BRIEF:
Write out exactly, excluding pictures, the lines from the one containing "Toyota chr hybrid" through the end of the data, both included.

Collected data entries
★ ★ ★ ★ ★

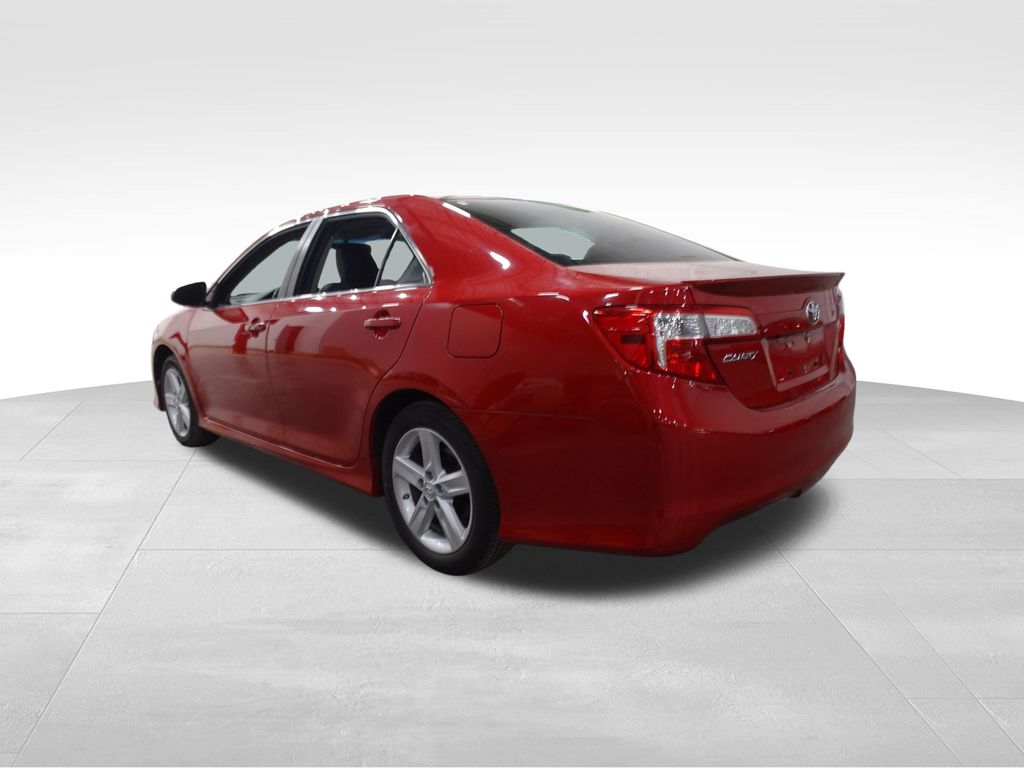 Vehicle image 6 of 35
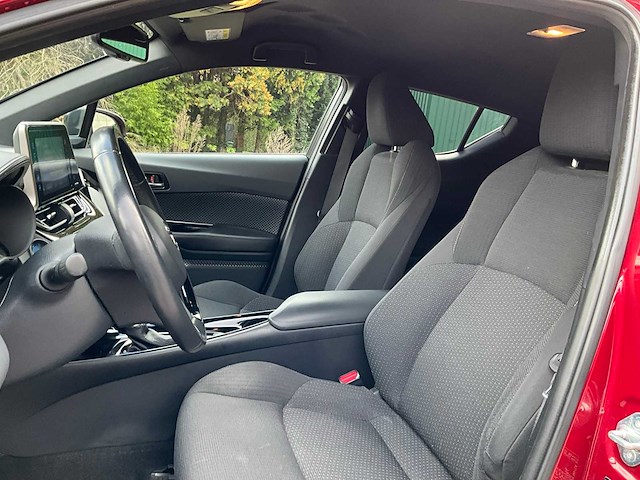 Toyota chr hybrid - afbeelding 16 van  45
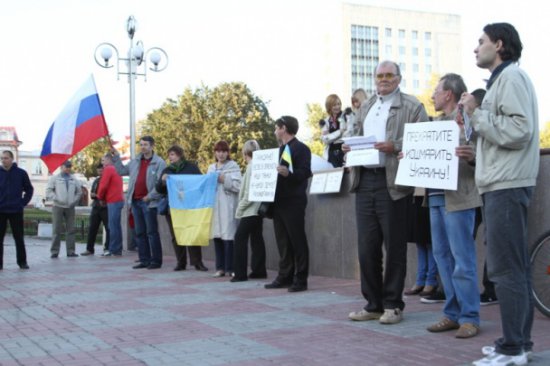 50 жителей Томска вышли протестовать против войны с Украиной (ФОТО)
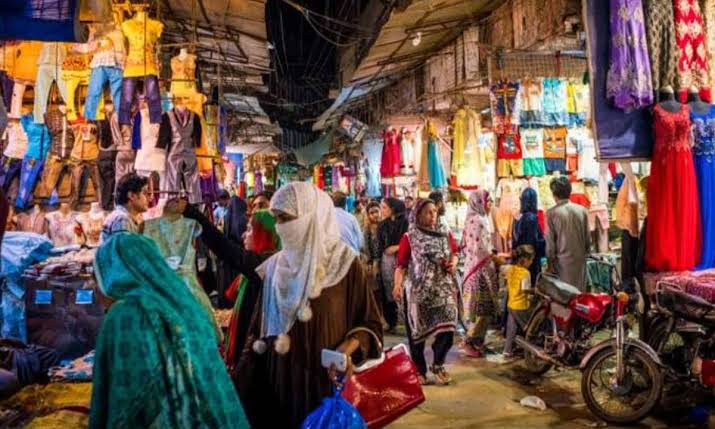 اسلام آباد نے کفایت شعاری مہم کے تحت مارکیٹ جلد بند کرنے کا حکم دے دیا۔
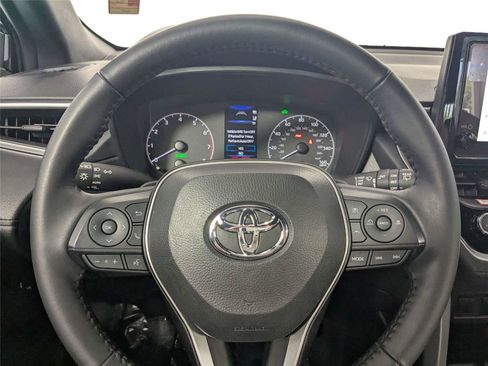 Used 2024 Toyota Corolla Cross AWD Hybrid image 17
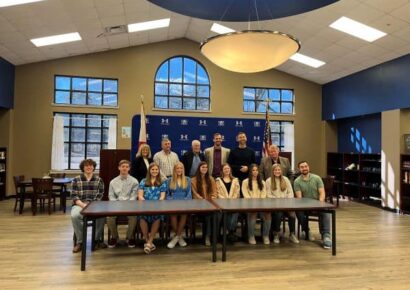 Pine Level Mayor presents award to Marbury High School government class for participation in Pine Level history 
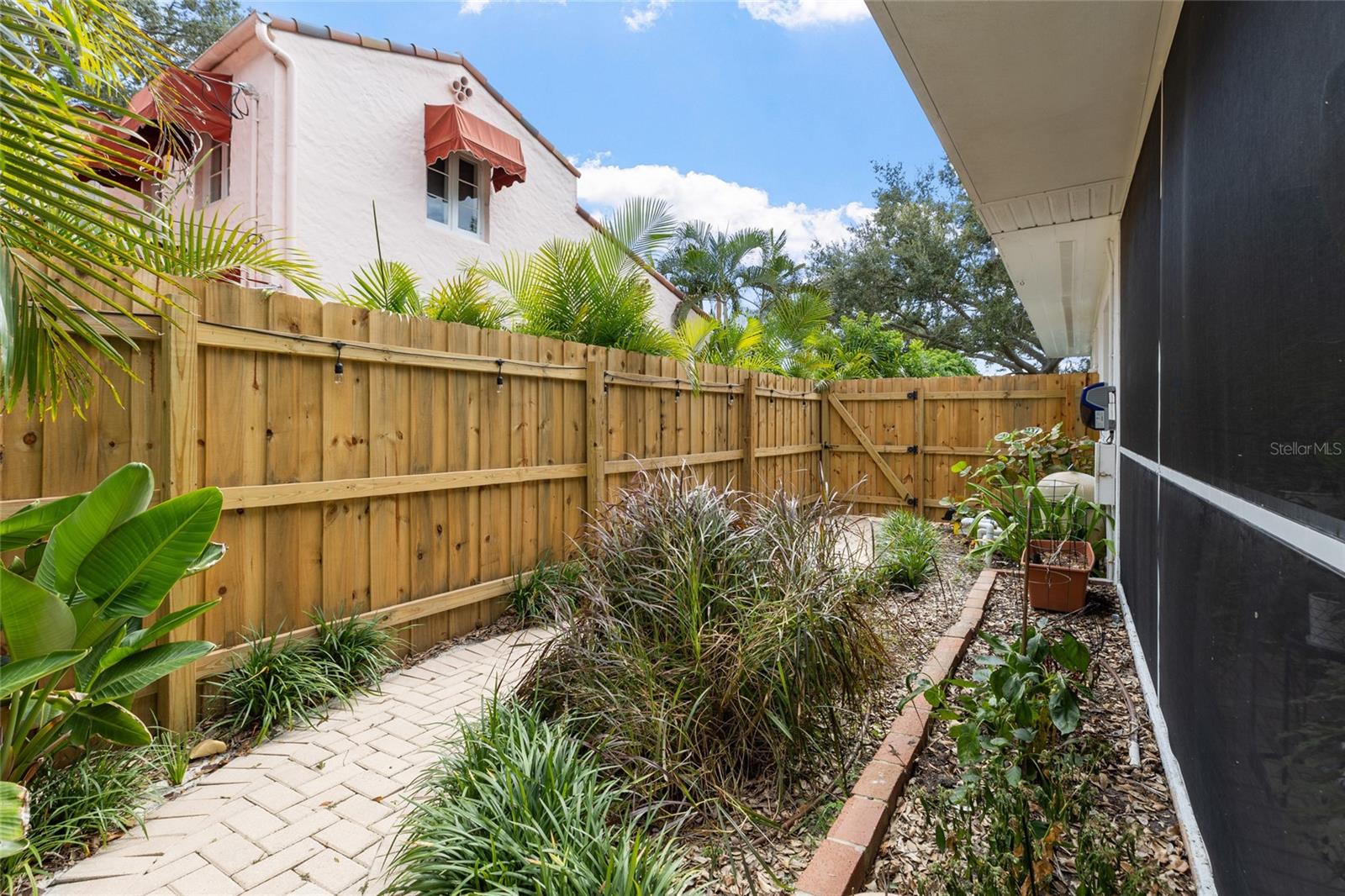 311 SUNSET DR N, ST PETERSBURG, FL — photo 49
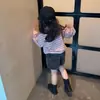 Súper linda camiseta de manga larga para niña, nuevo modelo otoño 2026, sudadera rosa a rayas para niños, ropa interior de bebé con cuello polo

★ ★ ★ ★ ★

THE ANSWER:
 Toyota chr hybrid - afbeelding 16 van  45
 50 жителей Томска вышли протестовать против войны с Украиной (ФОТО)
 اسلام آباد نے کفایت شعاری مہم کے تحت مارکیٹ جلد بند کرنے کا حکم دے دیا۔
 Used 2024 Toyota Corolla Cross AWD Hybrid image 17
 Pine Level Mayor presents award to Marbury High School government class for participation in Pine Level history 
 311 SUNSET DR N, ST PETERSBURG, FL — photo 49
 Súper linda camiseta de manga larga para niña, nuevo modelo otoño 2026, sudadera rosa a rayas para niños, ropa interior de bebé con cuello polo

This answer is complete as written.